L’Autrichien appelle la FIA à intervenir rapidement pour rééquilibrer les règles, en réduisant notamment la dépendance aux systèmes hybrides au profit du moteur thermique.
Cette prise de position intervient alors que Max Verstappen exprime de plus en plus ouvertement son malaise face à l’évolution de la discipline, au point de s’interroger sur la suite de sa carrière en Formule 1.
Le quadruple champion du monde pointe en particulier du doigt l’importance croissante de la gestion de l’énergie électrique. À ses yeux, l’équilibre souhaité entre batterie et moteur thermique entraine trop de gestion et ne procure donc plus les sensations attendues au volant, ce qui nuit directement à son plaisir de pilotage.
Une frustration accentuée par les difficultés actuelles de Red Bull. La RB22 s’est révélée délicate à exploiter, notamment sur le plan du châssis, rendant la performance difficile à extraire de manière constante.

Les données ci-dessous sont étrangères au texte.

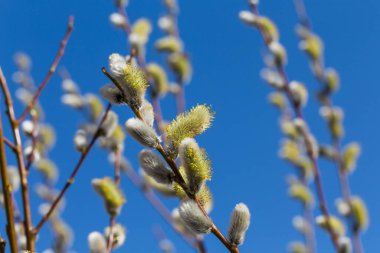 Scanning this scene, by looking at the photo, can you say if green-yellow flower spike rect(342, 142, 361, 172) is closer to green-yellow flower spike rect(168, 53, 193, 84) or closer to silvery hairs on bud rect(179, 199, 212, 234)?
green-yellow flower spike rect(168, 53, 193, 84)

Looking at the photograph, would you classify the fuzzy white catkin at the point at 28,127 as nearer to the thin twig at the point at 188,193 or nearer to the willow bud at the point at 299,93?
the thin twig at the point at 188,193

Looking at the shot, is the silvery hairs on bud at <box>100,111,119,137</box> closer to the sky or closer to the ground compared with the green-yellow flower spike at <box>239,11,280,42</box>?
closer to the ground

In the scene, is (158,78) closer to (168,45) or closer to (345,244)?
→ (168,45)

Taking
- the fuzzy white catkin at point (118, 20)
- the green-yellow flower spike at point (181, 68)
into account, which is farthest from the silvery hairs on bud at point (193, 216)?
the fuzzy white catkin at point (118, 20)

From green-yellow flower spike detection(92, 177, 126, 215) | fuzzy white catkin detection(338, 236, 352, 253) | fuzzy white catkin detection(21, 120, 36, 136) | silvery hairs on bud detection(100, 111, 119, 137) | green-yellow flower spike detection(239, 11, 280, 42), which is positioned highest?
green-yellow flower spike detection(239, 11, 280, 42)

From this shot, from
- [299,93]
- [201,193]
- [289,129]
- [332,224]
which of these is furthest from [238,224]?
[289,129]

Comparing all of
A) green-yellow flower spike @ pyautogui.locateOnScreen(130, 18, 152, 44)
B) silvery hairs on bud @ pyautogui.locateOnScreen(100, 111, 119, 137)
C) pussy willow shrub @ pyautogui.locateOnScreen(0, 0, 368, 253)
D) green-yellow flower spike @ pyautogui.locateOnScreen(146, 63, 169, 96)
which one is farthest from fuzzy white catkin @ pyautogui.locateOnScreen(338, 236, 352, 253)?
green-yellow flower spike @ pyautogui.locateOnScreen(130, 18, 152, 44)

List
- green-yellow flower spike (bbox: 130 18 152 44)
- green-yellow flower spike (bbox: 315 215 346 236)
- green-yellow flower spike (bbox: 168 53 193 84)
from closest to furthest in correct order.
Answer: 1. green-yellow flower spike (bbox: 315 215 346 236)
2. green-yellow flower spike (bbox: 130 18 152 44)
3. green-yellow flower spike (bbox: 168 53 193 84) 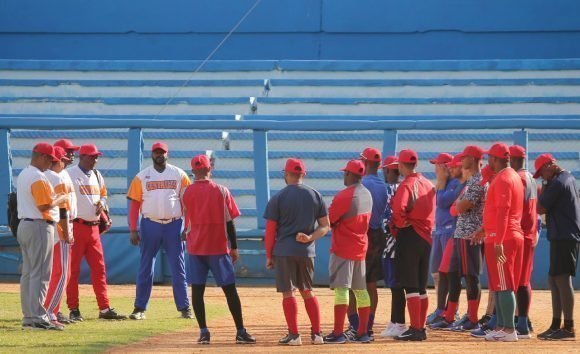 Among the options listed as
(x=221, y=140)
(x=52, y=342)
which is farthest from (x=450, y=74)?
(x=52, y=342)

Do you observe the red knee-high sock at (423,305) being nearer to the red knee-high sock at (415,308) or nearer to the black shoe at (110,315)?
the red knee-high sock at (415,308)

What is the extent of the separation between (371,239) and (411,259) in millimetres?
610

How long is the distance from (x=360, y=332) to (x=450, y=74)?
12234 mm

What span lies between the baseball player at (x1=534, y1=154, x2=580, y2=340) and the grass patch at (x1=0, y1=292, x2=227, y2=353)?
3.86m

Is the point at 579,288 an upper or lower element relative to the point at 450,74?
lower

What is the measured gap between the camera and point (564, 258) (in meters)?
12.2

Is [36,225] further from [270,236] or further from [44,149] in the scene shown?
[270,236]

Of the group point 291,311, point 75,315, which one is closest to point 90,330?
point 75,315

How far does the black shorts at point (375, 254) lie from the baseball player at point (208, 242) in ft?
4.51

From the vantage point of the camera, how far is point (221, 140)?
20.7 meters

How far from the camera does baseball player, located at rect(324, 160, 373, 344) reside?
11.7m

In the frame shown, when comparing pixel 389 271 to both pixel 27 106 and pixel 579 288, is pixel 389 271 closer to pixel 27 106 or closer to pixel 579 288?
pixel 579 288

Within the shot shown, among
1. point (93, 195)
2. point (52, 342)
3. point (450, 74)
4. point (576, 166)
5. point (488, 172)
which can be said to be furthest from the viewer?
point (450, 74)

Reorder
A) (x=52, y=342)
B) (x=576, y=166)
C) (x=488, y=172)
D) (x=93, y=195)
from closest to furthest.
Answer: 1. (x=52, y=342)
2. (x=488, y=172)
3. (x=93, y=195)
4. (x=576, y=166) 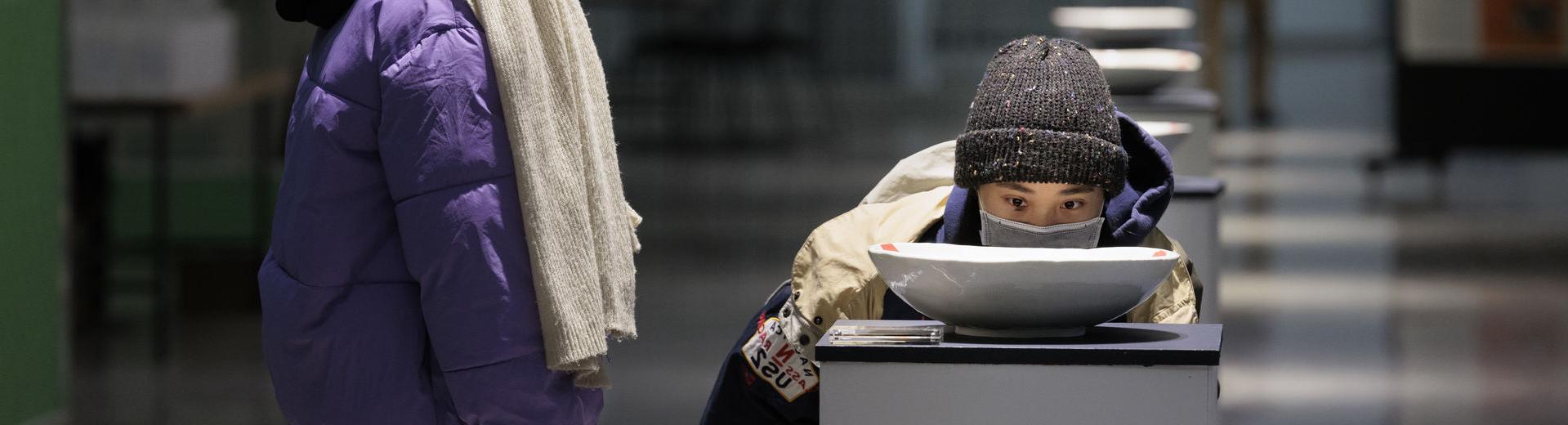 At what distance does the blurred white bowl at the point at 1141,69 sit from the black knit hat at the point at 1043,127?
8.97 feet

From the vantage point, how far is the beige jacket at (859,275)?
2221 millimetres

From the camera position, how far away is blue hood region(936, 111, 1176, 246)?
2258mm

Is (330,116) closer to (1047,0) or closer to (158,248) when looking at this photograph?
(158,248)

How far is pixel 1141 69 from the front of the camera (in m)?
5.02

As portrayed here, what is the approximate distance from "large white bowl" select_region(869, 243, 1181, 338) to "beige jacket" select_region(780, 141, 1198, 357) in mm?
279

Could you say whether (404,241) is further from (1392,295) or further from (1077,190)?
(1392,295)

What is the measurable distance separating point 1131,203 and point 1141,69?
9.17ft

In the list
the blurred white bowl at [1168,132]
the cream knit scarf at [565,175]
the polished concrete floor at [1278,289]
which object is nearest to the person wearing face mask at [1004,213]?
the cream knit scarf at [565,175]

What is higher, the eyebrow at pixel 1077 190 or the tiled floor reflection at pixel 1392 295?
the eyebrow at pixel 1077 190

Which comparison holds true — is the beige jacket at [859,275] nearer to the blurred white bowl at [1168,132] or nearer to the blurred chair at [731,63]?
the blurred white bowl at [1168,132]

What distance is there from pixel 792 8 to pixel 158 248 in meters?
8.60

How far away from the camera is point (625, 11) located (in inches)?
562

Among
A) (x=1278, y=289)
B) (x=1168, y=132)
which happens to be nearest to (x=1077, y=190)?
(x=1168, y=132)

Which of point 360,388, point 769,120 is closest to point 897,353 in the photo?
point 360,388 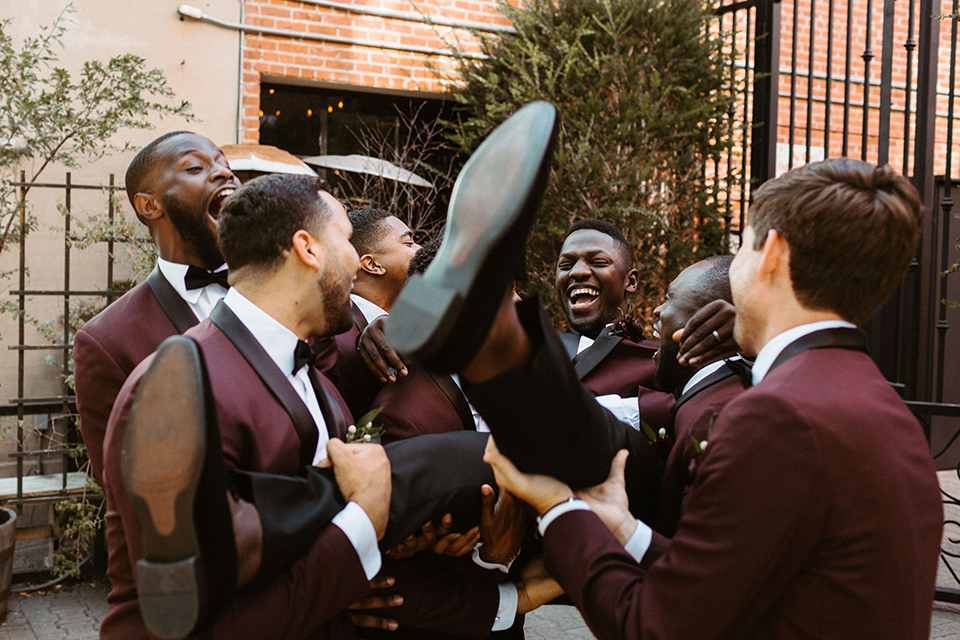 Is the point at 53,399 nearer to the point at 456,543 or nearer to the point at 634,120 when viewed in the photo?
the point at 456,543

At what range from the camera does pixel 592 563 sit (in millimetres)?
1605

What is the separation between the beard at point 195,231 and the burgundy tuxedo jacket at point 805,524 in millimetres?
1833

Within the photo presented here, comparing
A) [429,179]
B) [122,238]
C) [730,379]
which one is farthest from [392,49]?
[730,379]

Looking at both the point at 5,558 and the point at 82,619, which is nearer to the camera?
the point at 5,558

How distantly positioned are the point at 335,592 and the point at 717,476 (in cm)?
80

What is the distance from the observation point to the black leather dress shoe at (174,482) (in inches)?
53.1

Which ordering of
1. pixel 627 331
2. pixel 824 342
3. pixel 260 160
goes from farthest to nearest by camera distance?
pixel 260 160 < pixel 627 331 < pixel 824 342

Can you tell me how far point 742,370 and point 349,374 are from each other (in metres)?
1.36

Après trois manches, Verstappen n’a toujours pas intégré le top 5 et pointe seulement au neuvième rang du championnat pilotes.
Malgré ce contexte sportif compliqué, le Néerlandais assure que ses interrogations ne se limitent pas aux performances de son équipe. Il a récemment confié vouloir prendre le temps de réfléchir à son avenir dans les prochaines semaines, évoquant également les sacrifices personnels qu’impose la discipline, entre déplacements constants et éloignement familial.
Pour Marko, qui a quitté Red Bull à la fin de la saison dernière, le problème est plus profond et touche à la direction même prise par la Formule 1.
"Du côté du châssis, le déficit est assez important," a-t-il déclaré au Kleine Zeitung. "Mais Red Bull a une tradition de renverser ce genre de situation. C’est simplement devenu trop compliqué, et le logiciel moteur joue un rôle excessivement dominant."
Au cœur de ses préoccupations, il n’y a pas que son ancienne équipe : la complexité grandissante des groupes propulseurs hybrides, où les systèmes de récupération d’énergie et la gestion de la batterie sont devenus déterminants.
"Est-ce que cela peut être corrigé en une seule saison ? Je ne sais pas," poursuit-il. "Mais quelque chose doit être fait, et l’aspect pilotage doit revenir au premier plan."
Un constat partagé, selon lui, par une partie significative du plateau. "L’ambiance parmi les pilotes est négative. Des ajustements doivent être faits maintenant, et j’espère que la FIA fera tout son possible pour réduire le rôle de la batterie et remettre davantage l’accent sur le moteur thermique."
Dans l’esprit de Marko, un tel retour à des fondamentaux plus simples permettrait non seulement d’améliorer le spectacle en piste, mais aussi de redonner aux pilotes un rôle central, plutôt que de laisser les logiciels et la gestion énergétique dicter les performances.
Enfin, l’Autrichien glisse une remarque plus inattendue, en évoquant un possible avantage indirect de la situation actuelle pour la F1 : "Dans ce contexte, les deux courses annulées ne sont pas une si mauvaise chose. Elle peut prendre le temps de réfléchir et agir."